Note that the WLLN implies that the sample moments converge in probability to the true (population) moments. This means that if the functions relating the estimator \(\hat{\theta}\) to the sample moments is continuous, the estimator will converge to the parameter as the sample moments converge to the population moments.
Computing the Standard Error of \(\hat{\theta}\)
We have three possible cases when we want to compute \(SE(\hat{\theta})\):
- \(\hat{\theta}\) is a linear function of the first sample moment \(\hat{\mu}_1\), in which case we can compute it directly.
- \(\hat{\theta}\) is a nonlinear function of \(\hat{\mu}_1\). In this case we will use the univariate delta method, that we will describe shortly.
- \(\hat{\theta}\) is more complex, perhaps uses more moments, and in this case we could use the bootstrap.
Case 1: \(\hat{\theta}\) is a linear function of \(\hat{\mu}_1\)
We will do this with an example. Consider an IID random sample from the Poisson distribution, whose rate \(\lambda\) is unknown: \[ X_1, \ldots, X_n \overset{IID}{\sim} Poisson(\lambda) \Rightarrow E(X) = Var(X) =\lambda \] The method of moments estimator of \(\lambda\) is therefore just \(\hat{\lambda}_n = \hat{\mu}_1 = \overline{X}_n\).
This implies that we can use the Central Limit Theorem to approximate the distribution of \(\hat{\lambda}_n\).
Note that \(SE(\hat{\lambda}_n) = SE( \overline{X}_n) = \dfrac{\sigma}{\sqrt{n}} = \sqrt{\dfrac{\lambda}{n}}.\)
This tells us that the sampling distribution of \(\hat{\lambda}_n\) becomes more concentrated about the true value \(\lambda\) as \(n\) gets large. In order to get an idea of the standard error, we can just substitute \(\hat{\lambda}_n\) for \(\lambda\), and therefore, our estimated standard error of \(\hat{\lambda}_n\) is given by \[ s_{\hat{\lambda}_n} = \sqrt{\dfrac{\hat{\lambda}_n}{n}}. \]
Note that actually what is true is that \[ \sigma_{\hat{\lambda}_n} = \sqrt{\dfrac{\lambda}{n}}. \]
But because our estimator is consistent, we know that \(\hat{\mu}_1 \rightarrow \mu = \lambda\). Since \(\sqrt{\dfrac{\hat{\lambda}_n}{n}}\) is a continuous function of \(\hat{\lambda}_n\), we will have
\[ \sqrt{\dfrac{\hat{\lambda}_n}{n}} \rightarrow \sqrt{\dfrac{\lambda}{n}}. \]

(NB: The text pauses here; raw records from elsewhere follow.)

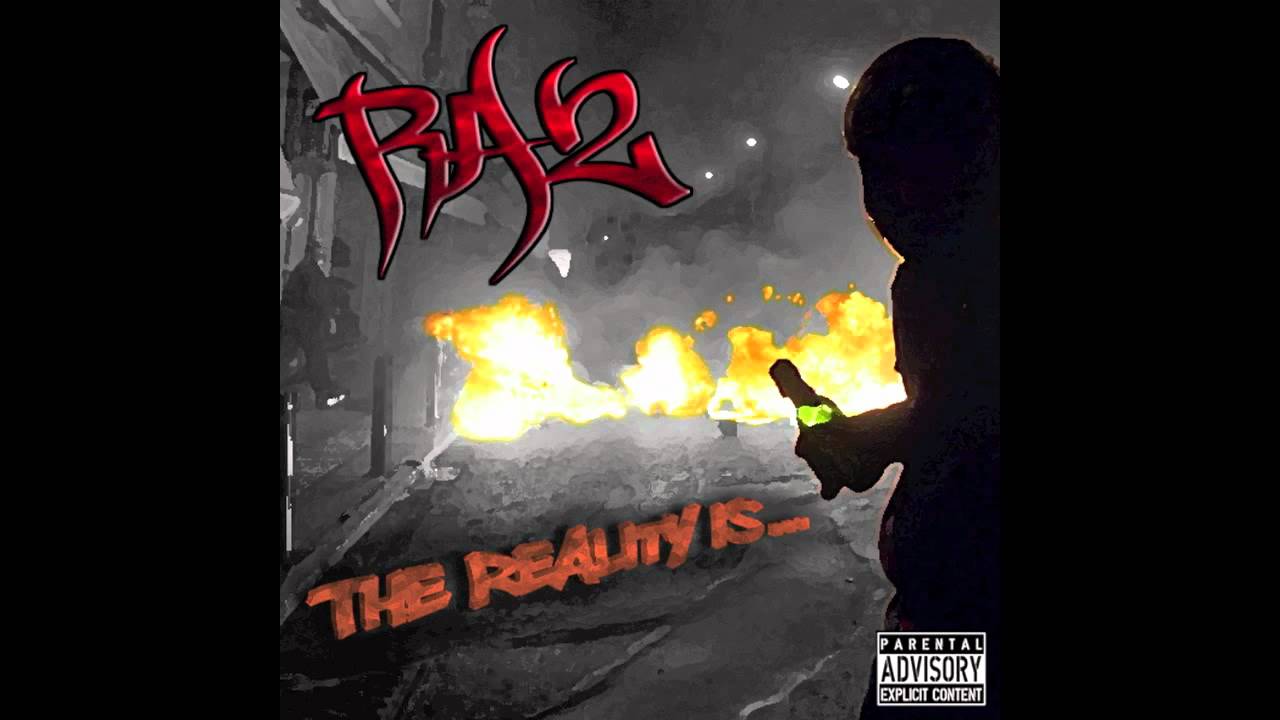 Watch BlasterRaz - The Reality is (feat. Nathen Barker) on YouTube Watch BlasterRaz - The Reality is (feat. Nathen Barker) on YouTube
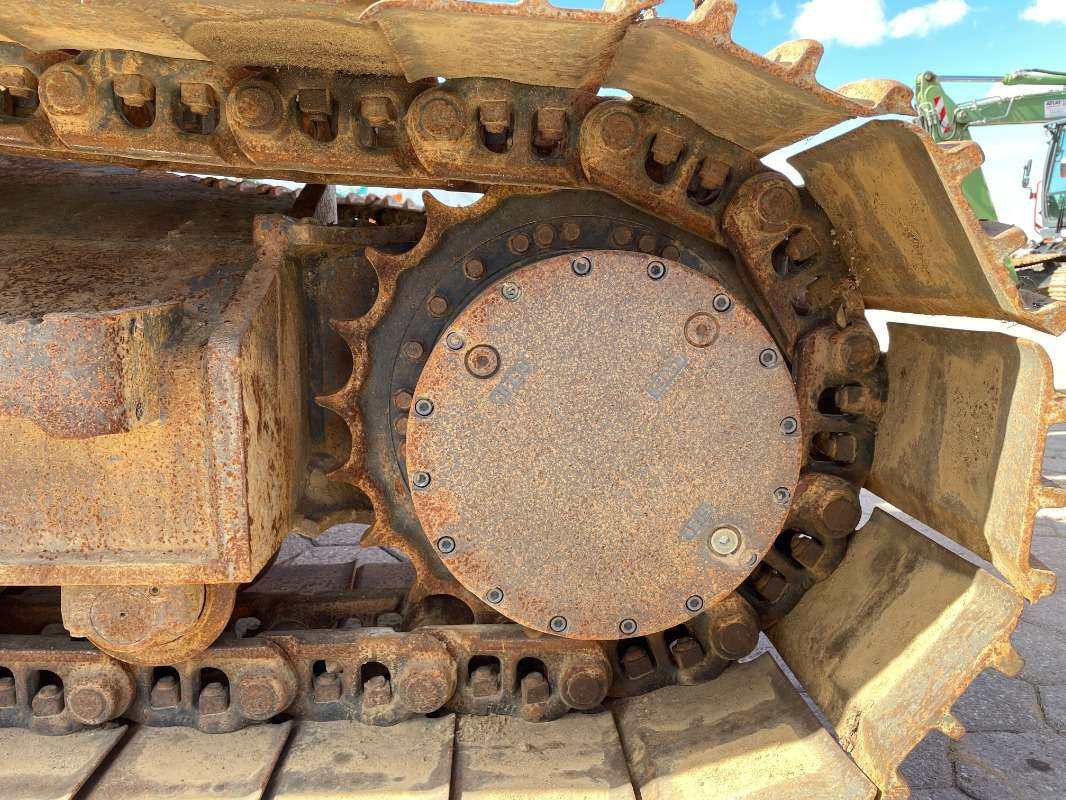 Doosan DX235LC-5 - Rupsgraafmachine: afbeelding 3 Doosan DX235LC-5 - Rupsgraafmachine: afbeelding 3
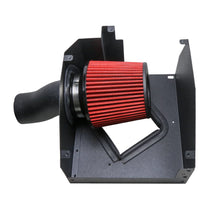 Load image into Gallery viewer, KYOSTAR New Cold Air Intake Kit Pipe Aluminum Material for Mercedes-Benz A250/CLA250 GLA250 AMG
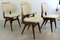 Zwaag Dining Chairs from Bako, Set of 4 18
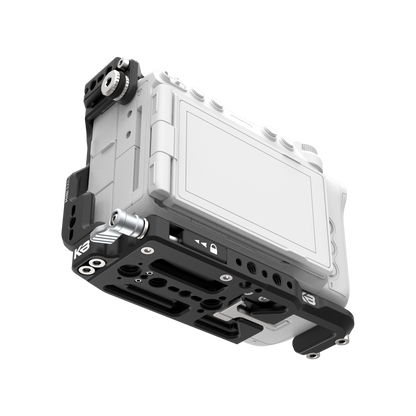 Sony FX5 Hybrid Camera Cage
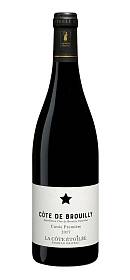 La Côte Étoilée Côte de Brouilly Cuvée Première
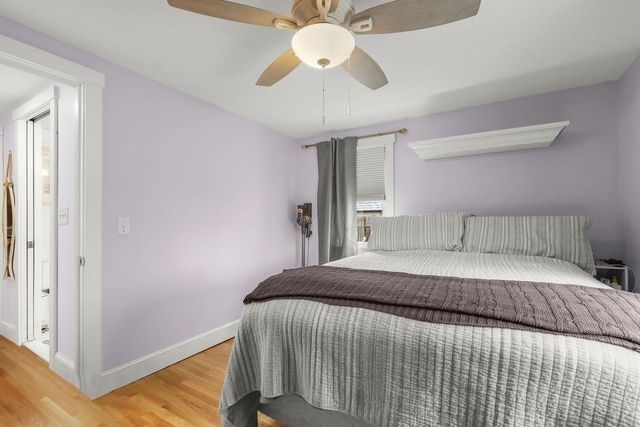 13 Monack Rd., Wareham, MA 02571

Case 2: \(\hat{\theta}\) is a nonlinear function of \(\hat{\mu}_1\)
For example, consider the following situation: \(\displaystyle X_1, \ldots, X_n \overset{i.i.d.}\sim Exp(\lambda) \Rightarrow E(X) = \frac{1}{\lambda} \Rightarrow \hat\lambda = \frac{1}{\overline{X}_n},\) using the method of moments.
This type of situation is common in statistics. We have a random variable \(X\) that we know the mean and variance of, or in the case above, we could use the CLT on \(\overline{X}_n\). But we are actually interested in different random variable, \(Y = g(X)\), and we want the mean and variance of \(Y\). Above, the function \(g\) is the reciprocal of the sample mean.
The problem is that \(g\) is not a linear function, so \(E\left(g(X)\right) \ne g\left(E(X)\right)\).
We could use the bootstrap, but we are going to discuss a different method called the delta method or the propagation of error formula.1 We use a Taylor series expansion of \(g\) about \(\mu_X\) and linearize \(Y = g(X)\), and similarly we can use a linear function of \(\overline{X}_n\) that will be close for large \(n\).